- _Data supplied_:
_ _ _

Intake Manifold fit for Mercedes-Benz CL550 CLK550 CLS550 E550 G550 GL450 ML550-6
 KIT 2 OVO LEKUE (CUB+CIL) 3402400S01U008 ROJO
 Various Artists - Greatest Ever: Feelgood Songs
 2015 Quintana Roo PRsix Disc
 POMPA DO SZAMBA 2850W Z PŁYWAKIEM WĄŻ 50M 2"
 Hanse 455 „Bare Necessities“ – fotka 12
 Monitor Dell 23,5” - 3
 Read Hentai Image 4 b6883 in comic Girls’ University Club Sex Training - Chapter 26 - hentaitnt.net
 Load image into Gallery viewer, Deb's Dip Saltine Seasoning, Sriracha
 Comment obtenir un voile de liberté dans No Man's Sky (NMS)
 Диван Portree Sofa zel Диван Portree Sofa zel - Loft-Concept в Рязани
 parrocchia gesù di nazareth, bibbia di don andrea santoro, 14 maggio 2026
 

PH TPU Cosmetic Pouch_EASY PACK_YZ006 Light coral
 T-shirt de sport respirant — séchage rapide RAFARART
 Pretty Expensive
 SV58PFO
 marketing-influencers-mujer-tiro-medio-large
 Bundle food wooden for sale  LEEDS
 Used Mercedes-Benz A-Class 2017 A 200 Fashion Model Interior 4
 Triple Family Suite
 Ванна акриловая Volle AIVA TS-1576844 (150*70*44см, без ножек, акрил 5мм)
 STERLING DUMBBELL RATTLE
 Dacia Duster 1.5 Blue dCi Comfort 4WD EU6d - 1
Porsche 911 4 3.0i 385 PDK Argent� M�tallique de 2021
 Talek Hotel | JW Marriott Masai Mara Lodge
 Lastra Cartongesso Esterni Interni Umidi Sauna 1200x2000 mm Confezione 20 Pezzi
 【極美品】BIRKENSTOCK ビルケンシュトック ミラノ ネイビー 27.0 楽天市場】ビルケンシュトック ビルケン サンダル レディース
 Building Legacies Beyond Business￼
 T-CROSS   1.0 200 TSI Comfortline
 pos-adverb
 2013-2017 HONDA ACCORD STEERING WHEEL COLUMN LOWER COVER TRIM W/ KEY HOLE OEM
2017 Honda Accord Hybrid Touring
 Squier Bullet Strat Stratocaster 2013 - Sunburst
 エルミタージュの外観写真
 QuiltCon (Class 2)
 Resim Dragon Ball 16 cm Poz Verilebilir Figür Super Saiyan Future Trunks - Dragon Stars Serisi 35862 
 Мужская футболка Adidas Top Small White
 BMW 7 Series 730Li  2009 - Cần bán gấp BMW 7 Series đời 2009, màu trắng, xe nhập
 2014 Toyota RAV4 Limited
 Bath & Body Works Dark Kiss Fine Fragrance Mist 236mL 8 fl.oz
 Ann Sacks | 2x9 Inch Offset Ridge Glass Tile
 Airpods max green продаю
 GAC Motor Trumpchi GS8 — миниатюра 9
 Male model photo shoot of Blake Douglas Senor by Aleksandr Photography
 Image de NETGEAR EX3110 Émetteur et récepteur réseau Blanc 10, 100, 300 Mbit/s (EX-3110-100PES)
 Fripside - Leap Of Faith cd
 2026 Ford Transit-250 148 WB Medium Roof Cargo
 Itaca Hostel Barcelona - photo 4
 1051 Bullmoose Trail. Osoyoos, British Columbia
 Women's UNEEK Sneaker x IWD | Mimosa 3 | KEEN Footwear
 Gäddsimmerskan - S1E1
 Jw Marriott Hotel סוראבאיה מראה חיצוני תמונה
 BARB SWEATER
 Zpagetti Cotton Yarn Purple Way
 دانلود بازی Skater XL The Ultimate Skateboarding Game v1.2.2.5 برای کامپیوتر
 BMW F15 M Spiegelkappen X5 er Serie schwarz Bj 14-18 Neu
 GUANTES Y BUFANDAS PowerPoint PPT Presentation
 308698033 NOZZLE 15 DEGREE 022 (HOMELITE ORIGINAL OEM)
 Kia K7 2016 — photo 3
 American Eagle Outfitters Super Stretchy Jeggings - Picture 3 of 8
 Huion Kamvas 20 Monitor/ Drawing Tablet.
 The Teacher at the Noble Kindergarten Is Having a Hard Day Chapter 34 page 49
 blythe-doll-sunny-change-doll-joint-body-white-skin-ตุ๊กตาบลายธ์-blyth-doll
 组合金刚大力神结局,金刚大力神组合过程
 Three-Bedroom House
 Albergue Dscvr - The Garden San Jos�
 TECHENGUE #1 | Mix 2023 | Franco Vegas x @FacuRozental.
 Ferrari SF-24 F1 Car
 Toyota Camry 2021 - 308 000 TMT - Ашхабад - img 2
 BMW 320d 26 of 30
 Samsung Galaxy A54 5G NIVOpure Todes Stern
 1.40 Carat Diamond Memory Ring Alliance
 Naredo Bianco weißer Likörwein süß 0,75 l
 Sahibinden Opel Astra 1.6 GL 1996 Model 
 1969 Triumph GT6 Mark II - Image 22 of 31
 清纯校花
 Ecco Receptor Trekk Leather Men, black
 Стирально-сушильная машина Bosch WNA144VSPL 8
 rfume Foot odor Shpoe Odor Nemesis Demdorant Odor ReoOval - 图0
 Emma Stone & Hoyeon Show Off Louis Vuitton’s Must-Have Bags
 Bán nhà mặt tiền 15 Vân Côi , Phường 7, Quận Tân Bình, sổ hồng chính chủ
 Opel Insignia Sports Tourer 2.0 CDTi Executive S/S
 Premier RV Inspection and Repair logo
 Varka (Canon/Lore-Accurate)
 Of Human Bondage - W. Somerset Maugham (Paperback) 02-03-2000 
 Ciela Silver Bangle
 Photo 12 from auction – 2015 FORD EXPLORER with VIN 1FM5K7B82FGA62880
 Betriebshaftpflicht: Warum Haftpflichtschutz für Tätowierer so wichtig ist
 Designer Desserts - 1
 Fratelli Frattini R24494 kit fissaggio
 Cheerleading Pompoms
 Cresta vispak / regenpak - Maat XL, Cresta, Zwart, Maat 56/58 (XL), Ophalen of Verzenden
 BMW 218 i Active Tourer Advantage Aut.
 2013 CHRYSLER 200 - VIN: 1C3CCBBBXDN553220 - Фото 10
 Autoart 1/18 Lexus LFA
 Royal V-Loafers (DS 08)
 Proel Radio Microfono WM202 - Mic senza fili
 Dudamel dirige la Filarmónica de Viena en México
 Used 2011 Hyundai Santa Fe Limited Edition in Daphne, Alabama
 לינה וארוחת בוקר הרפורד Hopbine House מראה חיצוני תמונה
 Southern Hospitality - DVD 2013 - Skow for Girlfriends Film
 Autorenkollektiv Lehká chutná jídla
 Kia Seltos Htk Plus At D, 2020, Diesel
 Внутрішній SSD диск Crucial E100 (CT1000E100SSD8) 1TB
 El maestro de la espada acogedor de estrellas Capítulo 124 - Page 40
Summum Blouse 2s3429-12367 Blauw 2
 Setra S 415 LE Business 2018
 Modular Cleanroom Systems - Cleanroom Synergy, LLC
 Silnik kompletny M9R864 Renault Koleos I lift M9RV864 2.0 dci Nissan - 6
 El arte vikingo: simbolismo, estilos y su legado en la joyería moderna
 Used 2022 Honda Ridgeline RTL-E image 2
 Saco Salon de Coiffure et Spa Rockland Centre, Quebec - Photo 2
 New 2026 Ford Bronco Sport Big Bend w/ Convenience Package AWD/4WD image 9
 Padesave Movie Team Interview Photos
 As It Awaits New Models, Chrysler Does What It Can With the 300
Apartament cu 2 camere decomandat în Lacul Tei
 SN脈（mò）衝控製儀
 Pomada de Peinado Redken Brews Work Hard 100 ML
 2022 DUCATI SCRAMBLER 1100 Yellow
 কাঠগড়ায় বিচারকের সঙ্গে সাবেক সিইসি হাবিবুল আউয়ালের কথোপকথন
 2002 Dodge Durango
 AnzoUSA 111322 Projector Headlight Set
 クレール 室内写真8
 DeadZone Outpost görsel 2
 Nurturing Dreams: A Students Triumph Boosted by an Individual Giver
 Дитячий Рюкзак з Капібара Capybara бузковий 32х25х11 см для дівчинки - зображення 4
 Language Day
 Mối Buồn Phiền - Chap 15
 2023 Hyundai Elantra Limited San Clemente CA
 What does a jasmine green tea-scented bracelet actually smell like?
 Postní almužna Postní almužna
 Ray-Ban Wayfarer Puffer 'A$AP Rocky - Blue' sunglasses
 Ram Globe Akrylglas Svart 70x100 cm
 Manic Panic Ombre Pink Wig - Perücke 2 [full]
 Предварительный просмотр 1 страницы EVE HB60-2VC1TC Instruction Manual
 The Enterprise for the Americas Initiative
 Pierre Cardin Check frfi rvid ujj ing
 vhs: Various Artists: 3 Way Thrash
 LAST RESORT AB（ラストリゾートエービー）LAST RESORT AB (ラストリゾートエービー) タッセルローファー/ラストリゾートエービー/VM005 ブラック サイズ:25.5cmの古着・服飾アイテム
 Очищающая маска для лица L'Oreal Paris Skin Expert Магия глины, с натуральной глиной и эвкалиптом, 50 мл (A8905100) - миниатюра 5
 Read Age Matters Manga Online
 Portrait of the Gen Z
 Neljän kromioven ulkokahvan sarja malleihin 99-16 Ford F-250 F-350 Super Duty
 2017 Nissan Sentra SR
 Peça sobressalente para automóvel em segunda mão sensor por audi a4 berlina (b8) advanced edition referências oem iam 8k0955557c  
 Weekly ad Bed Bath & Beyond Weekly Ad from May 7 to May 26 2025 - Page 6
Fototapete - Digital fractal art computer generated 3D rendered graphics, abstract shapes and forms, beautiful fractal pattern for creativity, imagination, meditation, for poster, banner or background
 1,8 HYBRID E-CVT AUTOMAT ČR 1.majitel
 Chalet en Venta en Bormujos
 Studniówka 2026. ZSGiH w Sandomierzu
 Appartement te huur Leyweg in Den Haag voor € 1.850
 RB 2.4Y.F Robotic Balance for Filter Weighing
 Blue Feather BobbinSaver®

_ _ _

- _Task to carry out_: Starting with the line above that holds "Proel Radio Microfono WM202 - Mic senza fili" and stopping with the line that holds "Setra S 415 LE Business 2018", reproduce each line exactly, omitting all other lines.

- _Task answer_:
 Proel Radio Microfono WM202 - Mic senza fili
 Dudamel dirige la Filarmónica de Viena en México
 Used 2011 Hyundai Santa Fe Limited Edition in Daphne, Alabama
 לינה וארוחת בוקר הרפורד Hopbine House מראה חיצוני תמונה
 Southern Hospitality - DVD 2013 - Skow for Girlfriends Film
 Autorenkollektiv Lehká chutná jídla
 Kia Seltos Htk Plus At D, 2020, Diesel
 Внутрішній SSD диск Crucial E100 (CT1000E100SSD8) 1TB
 El maestro de la espada acogedor de estrellas Capítulo 124 - Page 40
Summum Blouse 2s3429-12367 Blauw 2
 Setra S 415 LE Business 2018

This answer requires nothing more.